It’s been a while since there has been a really good martial arts series on TV. Sure, shows like Daredevil have had brutal, visceral action and we can usually expect at least one large-scale action sequence per season of Game of Thrones and True Detective, but the martial arts genre has its own special magic. The fight choreography of films like The Matrix, Crouching Tiger Hidden Dragon, or The Grandmaster functions like a dance, telling its own story and often expressing the motivations of the characters as well as any expository dialogue could. AMC’s new martial arts series Into the Badlands has ambitions to reach that level of greatness but bogs its story and characters down in so much derivative mythology that I often found myself just waiting for something to happen in order to get the story moving again.
Set in a vaguely-defined post apocalyptic America, Into the Badlands follows Sunny (Daniel Wu, The Man With the Iron Fists) as a warrior in service to one of the five Barons who rule the Badlands. The pilot’s opening sequence shows Sunny single-handedly wiping out a group of nomadic warriors who had attacked a convoy that was headed towards his fortress. He then discovers that the group was holding a hostage, a teenage boy named M.K. (the wonderfully named Aramis Knight) who understandably isn’t all that interested in opening up to the man who had just slaughtered a half-dozen people without breaking a sweat. Knowing that there had to be a reason for the nomads to kidnap M.K. (and believing they were hired to do so by a rival Baron), Sunny takes him back to the stronghold so he can join the ranks of teenage recruits.
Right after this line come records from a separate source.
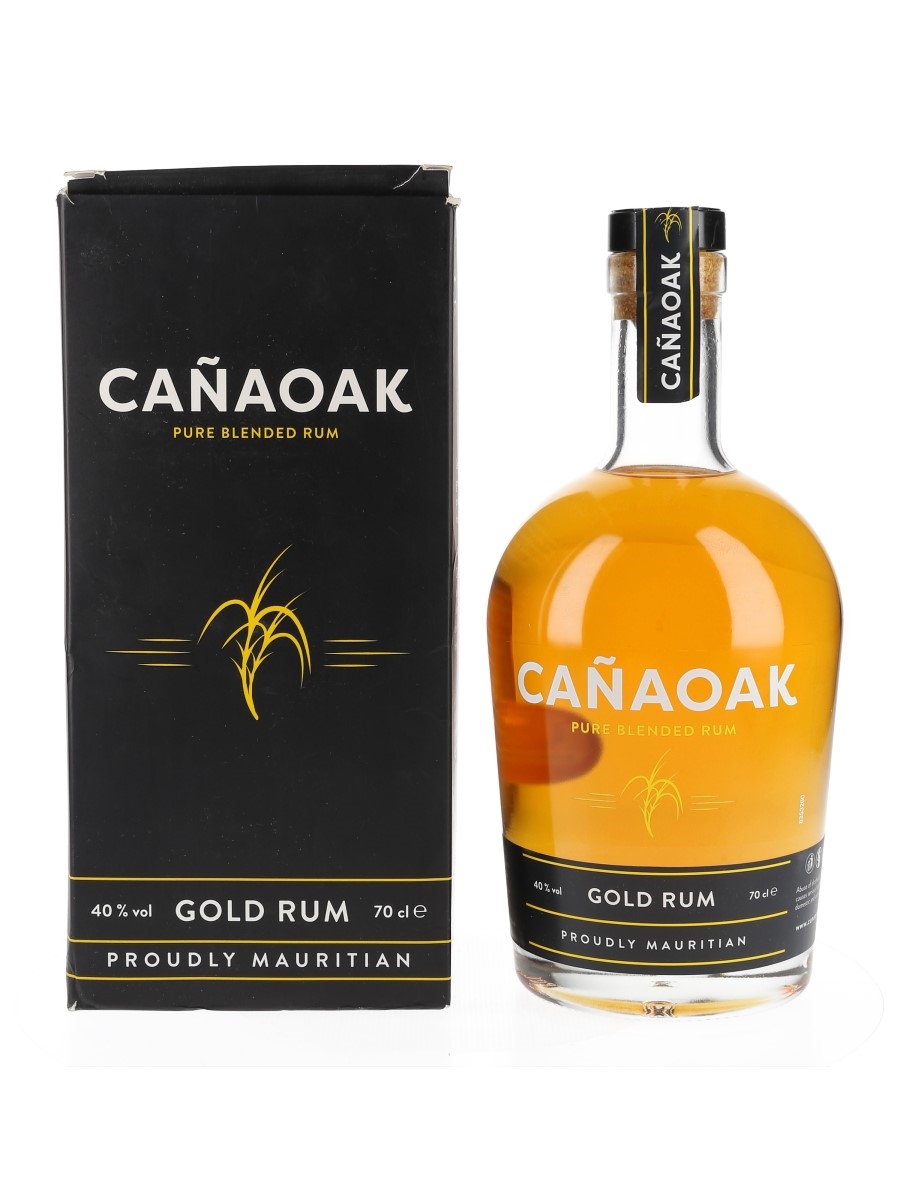 Canaoak Gold Rum  70cl / 40%
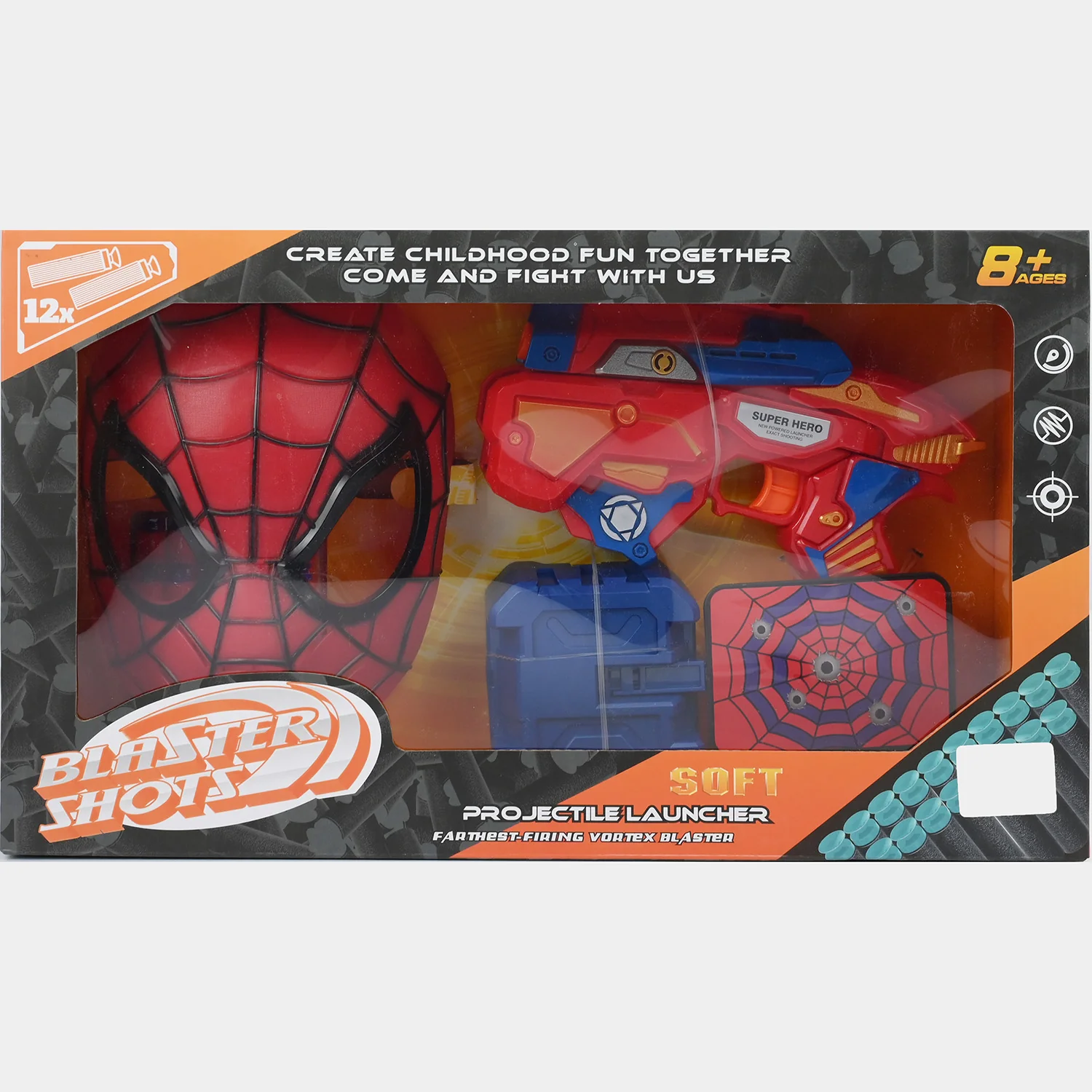 Soft Dart Target Toy For Kids - Image 4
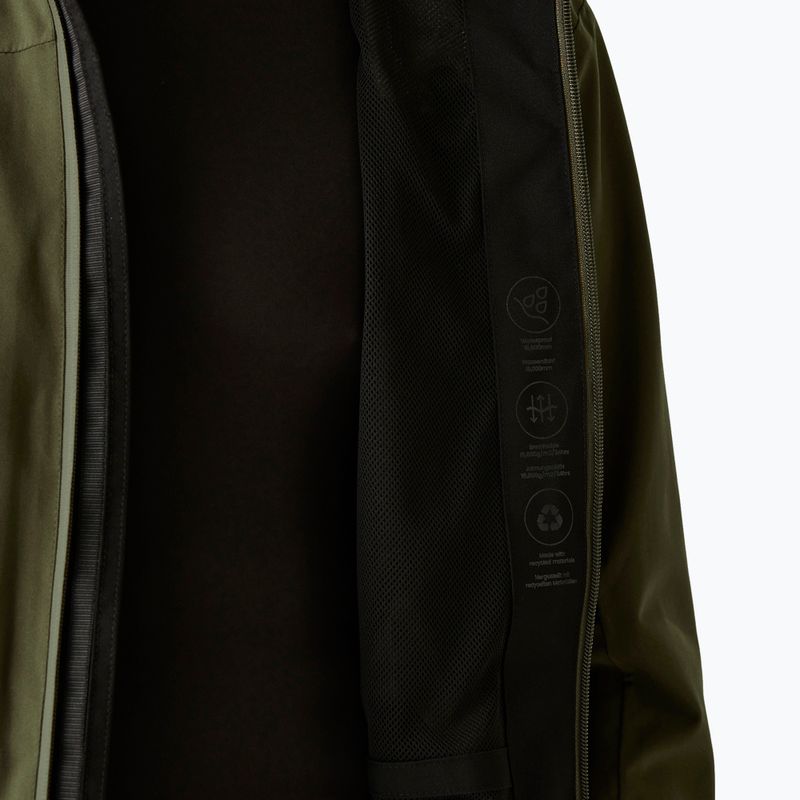 Куртка софтшелл чоловіча REGATTA Birchdale II olive night/black 9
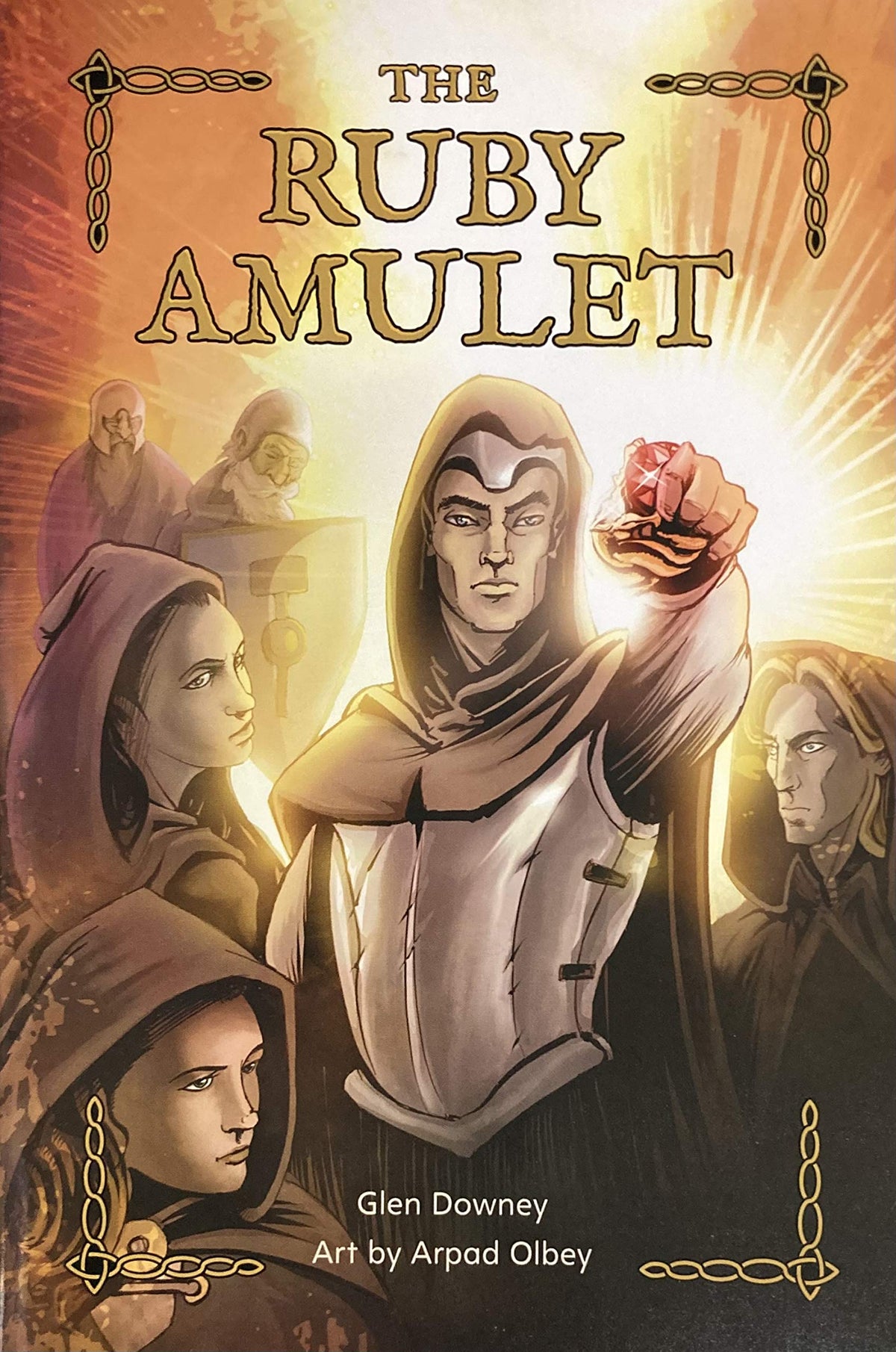 MYVIEW LITERACY 2020 LEVELED READER GRADE 4: THE RUBY AMULET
Sunny also introduces the lad to Baron Quinn (Martin Csokas, Sons of Liberty), who runs his stronghold like a 19th-century slave plantation and delivers his dialogue as if he’s auditioning to be the next actor to play Colonel Sanders in those KFC commercials.
It’s admittedly a fun idea to turn a post apocalyptic setting into a mashup of Medival, Antebellum, and Wuxia settings, but creators Alfred Gough and Miles Millar (Smallville) and director David Dobkin (Samurai Noon, Samurai Knights) don’t really do all that much interesting with it. All of the characters are playing archetypes with Mysterious Pasts, and the land and buildings seem way too neat and tidy. I don’t demand that all characters in a post apocalyptic setting have rotting teeth and filthy clothing, but this place is so well-lit and free of dirt and grime that it barely seems lived in, let along dystopian (even the tattoos on Sunny’s back seem painted on) There is some vague dialogue about there being danger “beyond The Badlands”, but that’s the only clue we are given to some sense of danger inherent in the setting, apart from the characters themselves.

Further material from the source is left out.